Monday, August 8, 2011

girlfriends

Picking up my college roommates from the train station, the first thing M says is: Look at A's boots! A is sporting a pair of resilient chunky ankle-high hiking boots, prepared for our hike at Sleeping Giant. She has small hands and feet for her size, and the combination of petite and hardcore in the shoes give immediate amusement (and continual throughout the day as we talk about how to maximize the use of her boots during our hike).

I haven't seen these girls for a few months, and there's no need for hello, only laughs.

On our hike, I naturally read the map wrong, but we do manage to reach our destination. Along the way we talk and talk, and I'm reminded of how different conversations are with different people. There's a certain silliness and inappropriateness and openness specific to my interactions with these girls, these girls with whom I went through such a defining period of growth--not just the confusion of college but the daze of post-college and the feigned maturity of post-post college.
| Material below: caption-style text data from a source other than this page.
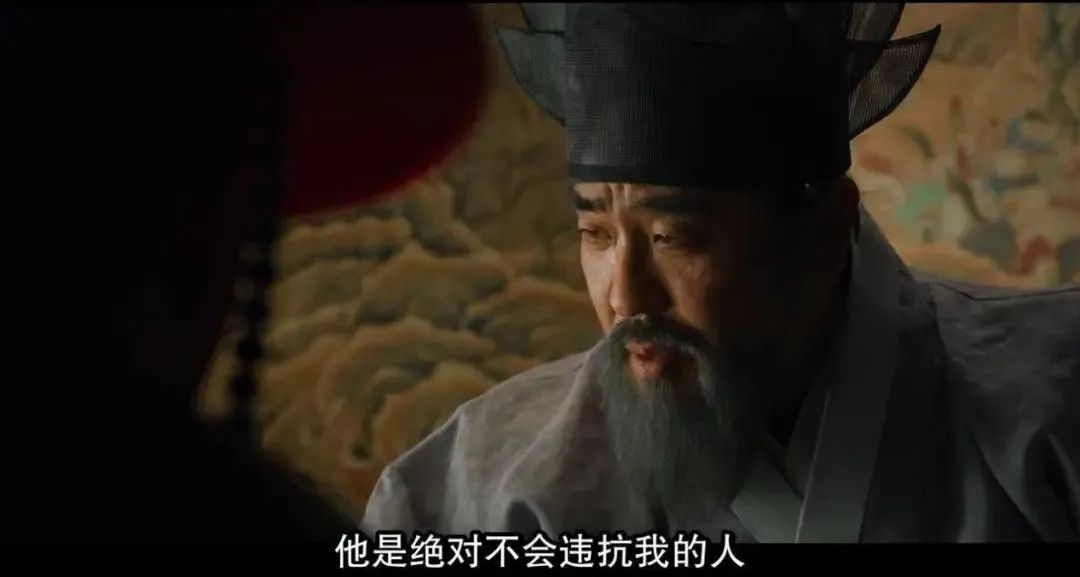 韩剧最新出的丧尸片,最劲爆的丧尸韩剧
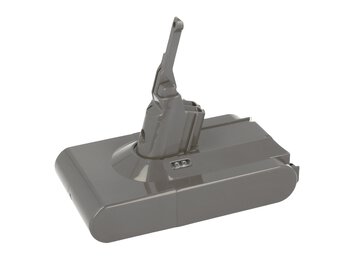 Bateria Movano do Dyson V8
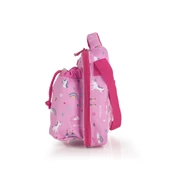 Gabol Beslenme Çantası Termal Unicorn - 2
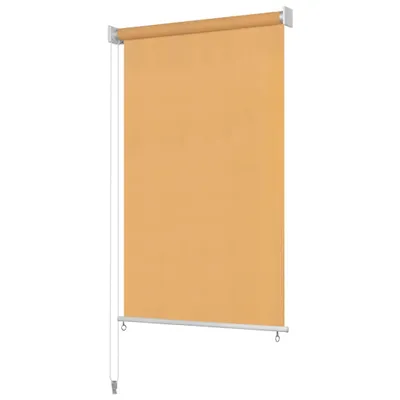 Image de Store extérieur 80x140 cm Beige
And it's with them that a weekend of girlfriends began, a weekend where I'm deeply reminded that I am a girl, and that it is amazing to be one. With M & A, we run through the gamut of past and current boys and flings, past and current fashions; the quality of kisses (and so on), the quality of our own bodies and how to be self-accepting; the irrationality of moods and ups and downs, and how we cope. We share the insecurities that come with being female and a person, freely and honestly because we know it's common among us and because in the end they will be sweetly funny and not damaging.

It is nice to share the trees with them, and a part of my life with them, and they appreciate it too. It's a long hike that tires us, but we reach the tower I keep telling them is the destination--it's a short tower that is anticlimactic as we approach, but it holds the view with the breeze as they fit into the arches of the tower's windows. We reward ourselves with ice cream (two scoops, which proves to be too much), and some napping at home before dinner.

The bed is where we gather before their departure, in the cozy style of a sleepover. Which lends itself to sharing photographs, commenting on male facial hair and body odor, talking about people from college I haven't thought about in ages, wondering whether people notice when you wear the same outfit ("I don't judge, but I notice"), comparing our stretch marks. In between these there lies what's more conventionally considered substance--jobs, future plans, philosophies and approaches to day-to-day and to things broadly. But when they leave I'm aware that there is incredible weight to everything we share, the kind that makes me paradoxically, wonderfully feel full and light.

*

It's this lightness that carries me through the night, where three of my med school girlfriends and I go out to dance. During dinner with M, A, and the wife, we tell M & A about our dance plans.

M: You're going to dance, just the two of you?
Wife & me, simultaneous: *shrug* we do it all the time!

(This night there are four of us, but we have gone out with just two many a good time). It's an eclectic crowd, the four of us girls, but we share the strong desire to dance that precludes caring about being the only ones on the dance floor. At Barcelona, this means having the entire space to ourselves, and I'm again so happy to be a girl. At Black Bear there are more people and songs that bring out the inner excitable. Being with girls who move with distinct styles and without any thought other than to have fun, and whose fun is so apparent in their faces and bodies, is a constant source of energy, and the fun grows exponentially with every second.

It feels so good to go all out, to both be aware of our physical selves and to let go of self-consciousness.

*

On the next day, with these same girls we make dumplings and watch Shakespeare's As You Like It as the Cabaret. I get sleepy during the play, in which I pay more attention to the use of space and creation of atmosphere than plot. And I think, what range of experiences I can have with the girls in my life, and what depth I reach in each one.

These ladies make me feel that at baseline we're something to be grateful to be: people who are capable. Of having all sorts of negative and positive feelings, from silly and jealous and insecure, to confident and affirming and persistent. It's not any one thing but more the spectrum, that I love.